Knowledge graphs Connect concepts, documents, and entities for intelligent search
Network and IT operations Map dependencies between servers, services, and applications
Identity and access management Model complex permission hierarchies
Supply chain Track parts, suppliers, and logistics relationships
Social networks Model friendships, follows, and interactions

Neo4j Editions

Edition Description
Neo4j Community Edition Free, open-source, single-instance graph database
Neo4j Enterprise Edition Commercial licence with clustering, security, and advanced features
Neo4j AuraDB Fully managed cloud graph database (free tier available)
Neo4j AuraDS Managed graph data science platform in the cloud

The Neo4j Ecosystem

Neo4j provides a rich ecosystem of tools:

Tool Purpose
Neo4j Browser Web-based interface for running Cypher queries and visualising results
Neo4j Desktop Local development environment with project management
Neo4j Bloom Business-friendly graph visualisation and exploration
Neo4j Data Importer Visual tool for importing CSV data into Neo4j
APOC Library of hundreds of useful stored procedures and functions
Graph Data Science (GDS) Library of graph algorithms for analytics
Neo4j Drivers Official drivers for JavaScript, Python, Java, .NET, and Go

The Property Graph Model

Neo4j uses the property graph model, which consists of:

  1. Nodes — entities (people, products, places)
  2. Relationships — connections between nodes (always directed, always have a type)
  3. Properties — key-value pairs on both nodes and relationships
  4. Labels — tags on nodes for categorisation (a node can have multiple labels)
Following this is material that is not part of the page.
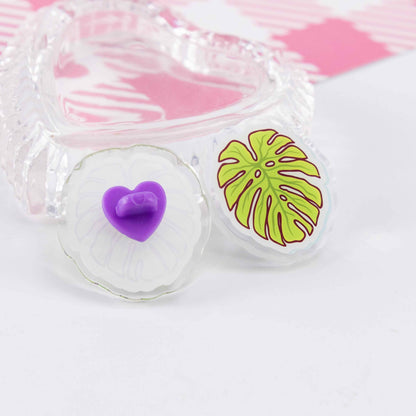 Close-up of a custom transparent acrylic badge: showcasing the details of a cute brooch with a heart-shaped clasp.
``` (:Person {name: "Alice", age: 30})-[:WORKS_AT {since: 2020}]->(:Company {name: "Acme"}) ```


Summary

Neo4j is a graph database designed for connected data. It stores information as nodes and relationships rather than tables and foreign keys, enabling efficient traversal of complex data networks. With its intuitive property graph model, the Cypher query language, and a rich ecosystem of tools, Neo4j is the go-to choice for applications where relationships drive value — from fraud detection to recommendation engines. In the next lesson, we will explore graph data modelling in depth.